Recently, this project has gained the confidence of Yahoo!, a large-scale search engine that boasts around 800 million active users each month across the globe. Yahoo! has such faith in this method that they have agreed to share password statistics from 70 million of their users. This tremendous data set will allow researchers throughout the field of cyber security to analyze real-world information and construct a more accurate picture of passwords in their natural habitat, and the ways by which they might be better protected or constructed.

“This is the first time a major company has released frequency information on user passwords,” said Datta in a university press release. “It’s the kind of information that legitimate researchers can use to assess the impact of a security breach and to make informed decisions about password defenses. This is extremely valuable, so we hope other organizations will follow Yahoo’s lead.”

The algorithm works, essentially, by “distorting numbers in the data set so the list is ‘differentially private,’” according to the university press release.

Differential privacy is a cryptographic term which essentially means that the accuracy of queries, or searches, in databases are maximized, but the chances of identifying the records from said database are minimized.
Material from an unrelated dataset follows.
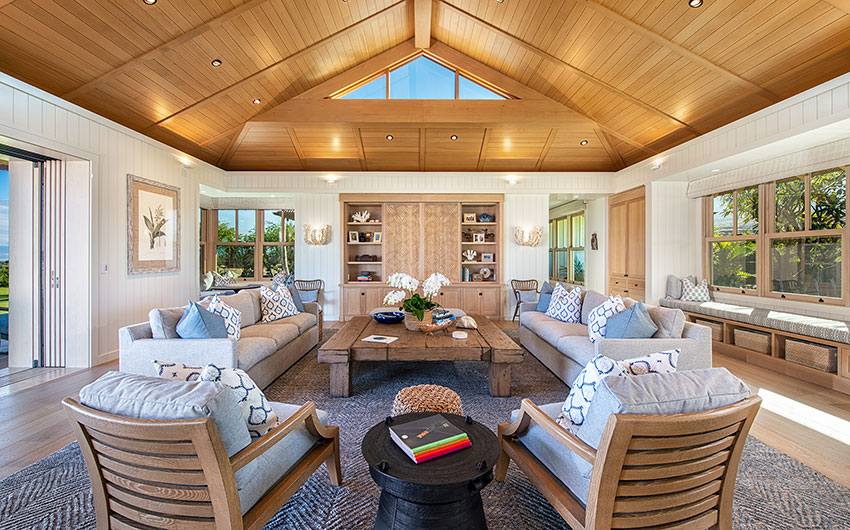 LIVING ROOM, Kukio Family House, Kona, Hawaii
In terms of the Yahoo! data set, this means that when using the information, there will be a high degree of accuracy, but finding out whether or not a specific user is included in a certain group of data will be nearly impossible.

The research encrypts the Yahoo! data set by distorting the numbers in this way, such that no individual user is truly at risk. Another safeguard within this data set is that the data isn’t necessarily actual passwords, but frequency lists, which count the number of times a specific password was created by a certain group of users.

“I have already started the Yahoo! data to model and analyze a rational offline password attacker using game theory,” wrote Blocki in an email interview with The Tartan.

There are many types of password-cracking programs out there, and by running real data through constructed examples of these programs, researchers can really determine how to better protect actual users. With access to a data sample this large, there are tremendous opportunities for relevant experiments that can be extrapolated into the real world.

Blocki notes that he is “excited to see what other security researchers are able to [do] with the frequency data now that it is available publicly,” and, given the new avenues this secure sharing method open up, there are a variety of possibilities.